I could listen to Milch talk all day.  Many things resonate in this illuminating clip, but I'll cite two in particular--plus an aside.  First, Milch's twin instructions for writers--to sacrifice clarity if necessary and to represent the accuracy of a character's voice--serve to champion the values of observational realism; and that commitment to realism offers a potentially useful tension with what we sometimes think of as the arch-constructedness of Milch's dialogue, which can produce parallels of diction and syntax across characters as various as E. B. Farnum, Jane Cannary, and Cy Tolliver.  Second, the gestures toward the "attentive viewer" and the audience's "bonding process" helpfully show just how creators think--or at least how this creator thinks--about the ways in which teleplays orient the cognitive mechanics and emotional connections of the spectators.  (The "bonding process" also makes me think, in a more cynical vein, of Don Draper and the "bond" of nostalgia that he sells along with the Kodak Carousel.)  And an afterthought: Sipowicz's dropped-pronoun speech here--"wants more Three Bears"--reminds me of the final words of Deadwood: Al Swearengen's "wants me to tell him something pretty."  Want, as both desire and lack, is a hallmark of so much of Milch's televisual fiction.

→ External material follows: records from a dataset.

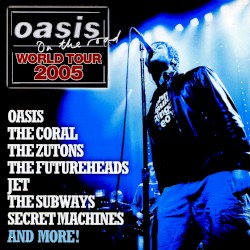 Oasis on the Road World Tour 2005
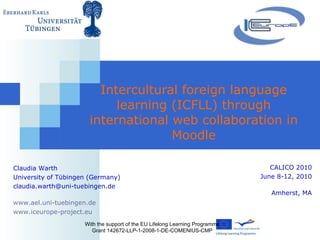 Intercultural foreign language learning (ICFLL) through international web collaboration in  Moodle With the support of the EU Lifelong Learning Programme Grant 142672-LLP-1-2008-1-DE-COMENIUS-CMP Claudia Warth University of Tübingen (Germany) [email_address] www.ael.uni-tuebingen.de www.iceurope-project.eu   CALICO 2010 June 8-12, 2010 Amherst, MA 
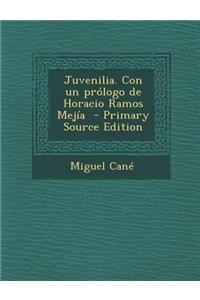 Juvenilia. Con Un Prologo de Horacio Ramos Mejia (Primary Source)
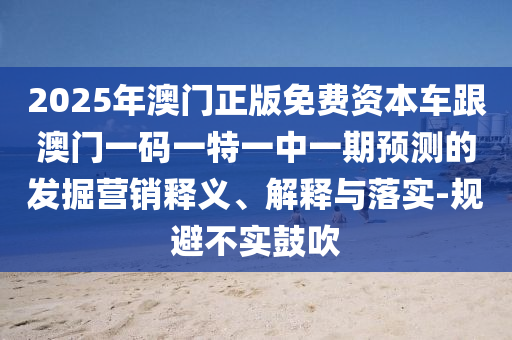 2025年澳門正版免費資本車跟澳門一碼一特一中一期預(yù)測的發(fā)掘營銷釋義、解釋與落實-規(guī)避不實鼓吹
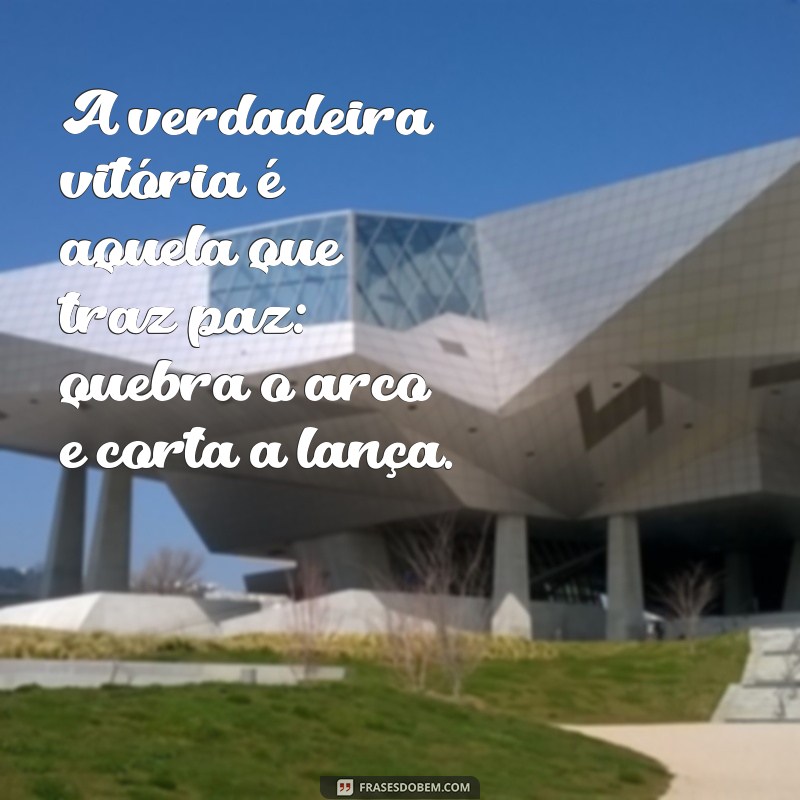 Quebra o Arco e Corta a Lança: Significado e Reflexões sobre o Versículo 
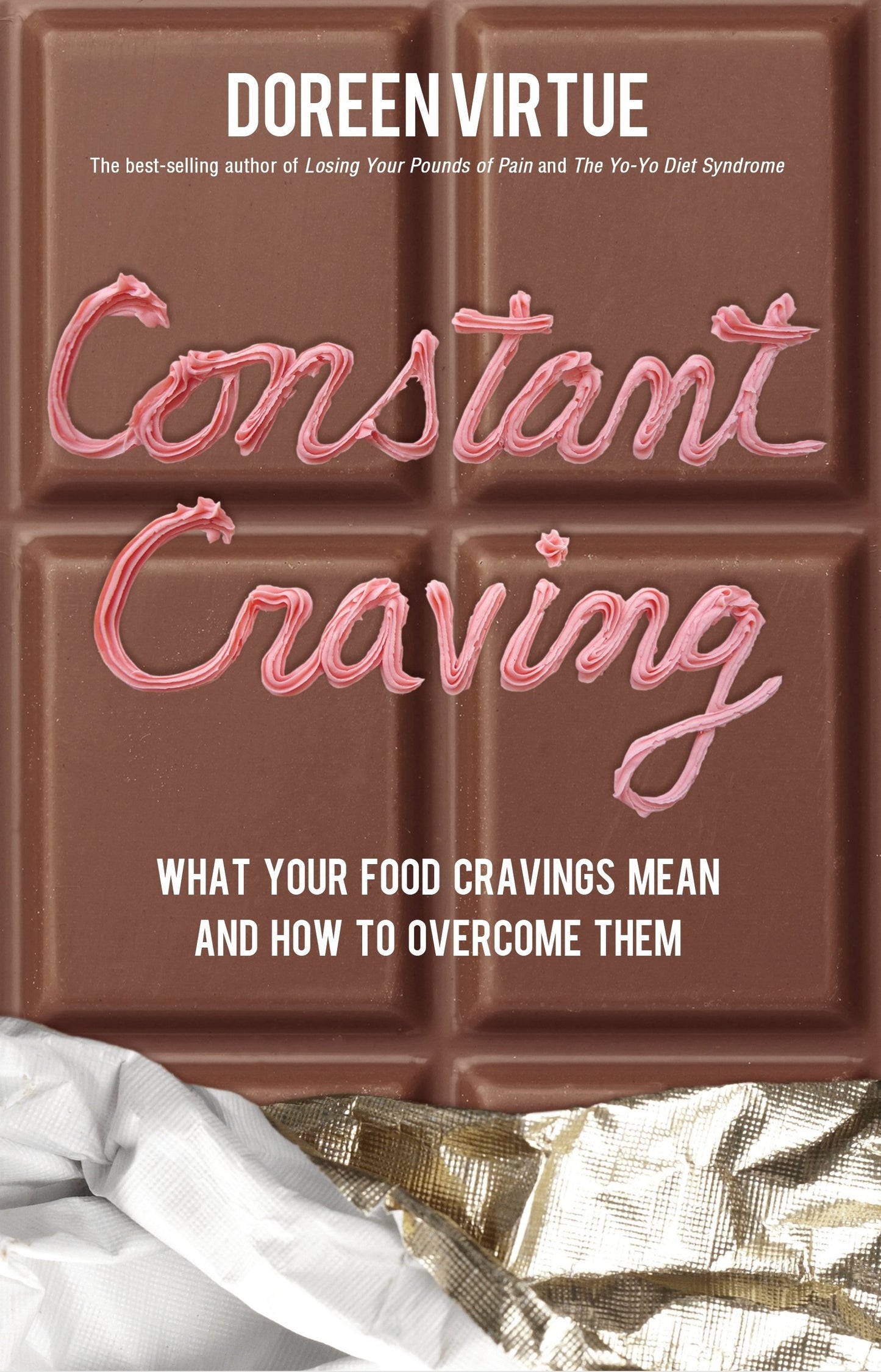 Constant Craving: What Your Food Cravings Mean and How to Overcome Them - 5540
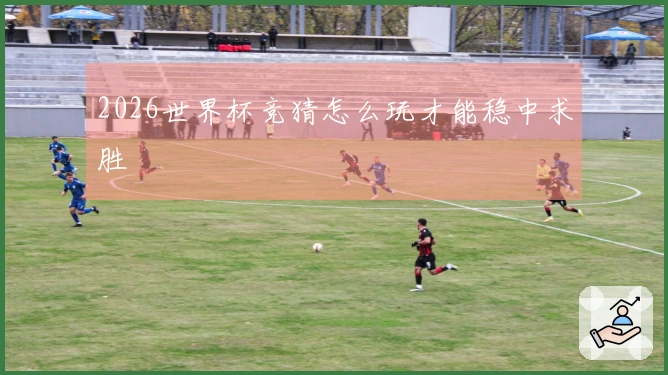 2026世界杯竞猜怎么玩才能稳中求胜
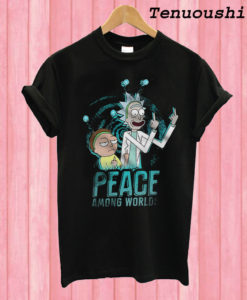 Peace Among Word Rick And Morty T shirt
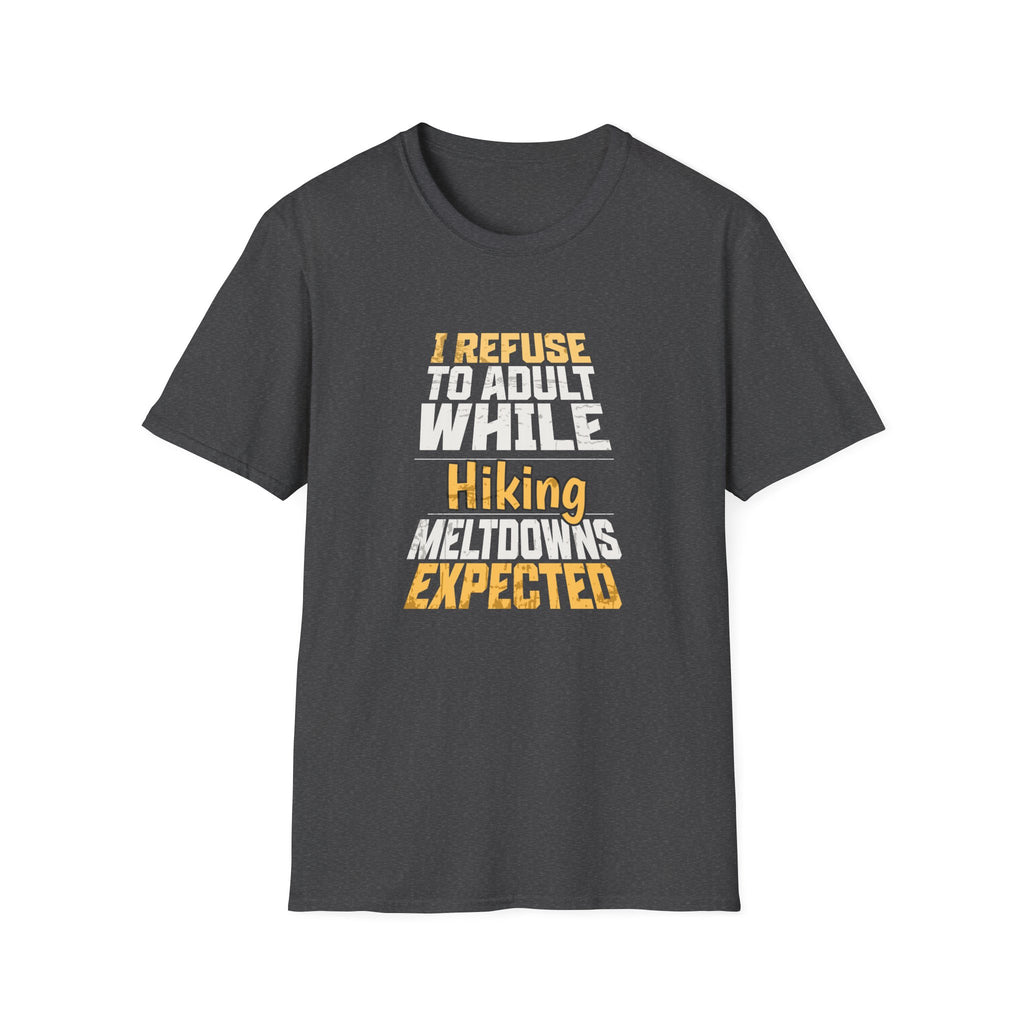 Refuse to Adult While Hiking T Shirt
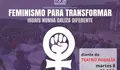 8 de marzo: Feminismo para transformar. Iguais nunha Galiza diferente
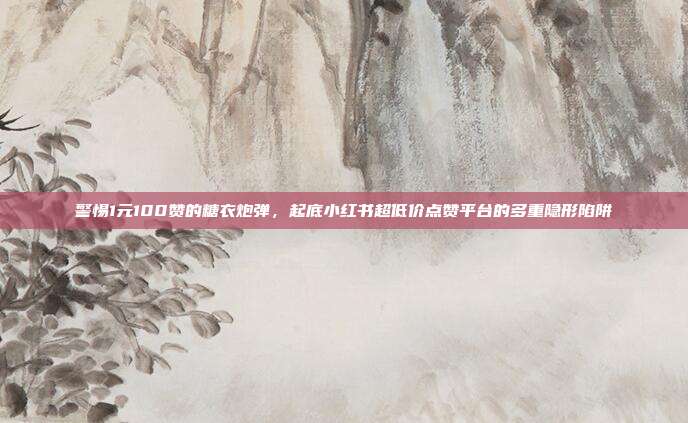 警惕1元100赞的糖衣炮弹，起底小红书超低价点赞平台的多重隐形陷阱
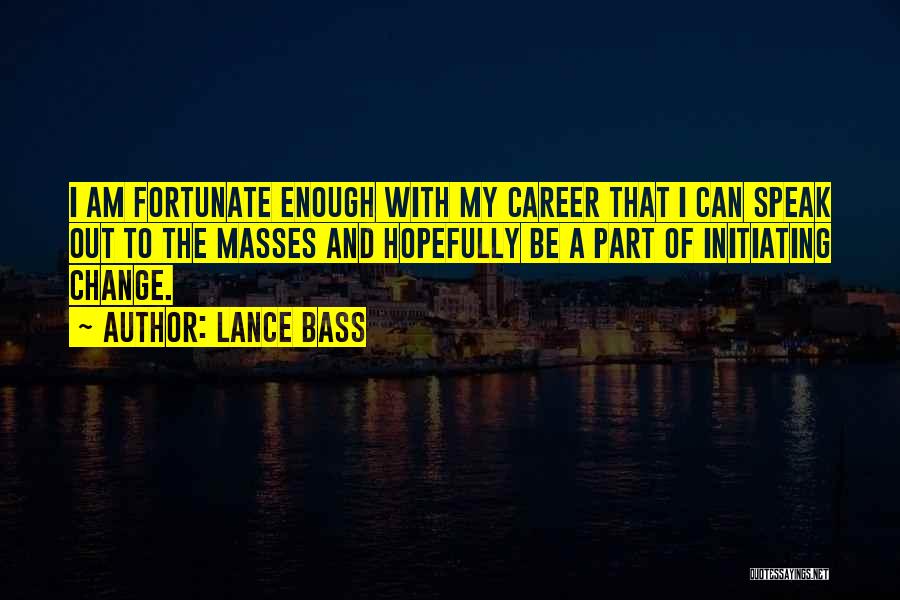 Initiating Quotes By Lance Bass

Thank you Charlotte, Martin and Sean for your comments and apologies for my delay in responding to them. I think that the New Criticism practised by Warren and Brooks (as distinct from Wimsatt and Beardsley) would have been fairly relaxed with the notion of genius, but it was already under some pressure at Yale in the 1960s and today the concept seems merely rhetorical - a bit like God - so I am interested in what happens when we are confronted with the fact of genius in an industry that relies on collective creativity. Martin's points resonate strongly with my sense of Milch's ambivalence about the authority of teaching - that the good teaching is an entity that is internalised by the student so that the authority figure can vanish; and yet we crave the charisma of that figure in dramatic fiction. Sean is right to detect the whiff of cognitive pragmatism to Milch's thinking about audience behavior, but this too is in tension (as his New Critical mentors would love to put it!) with his mystical assertion of the fundamental connectedness and unity of all under the eyes of God (it would be a grave error to discount the amount of God-talk in Milch's commentary on his work). That unity is found in art, which is where we can "hear God"; it also allows us relief from our self-absorbtion and self-loathing, which are the central destructive driving forces for many of these characters.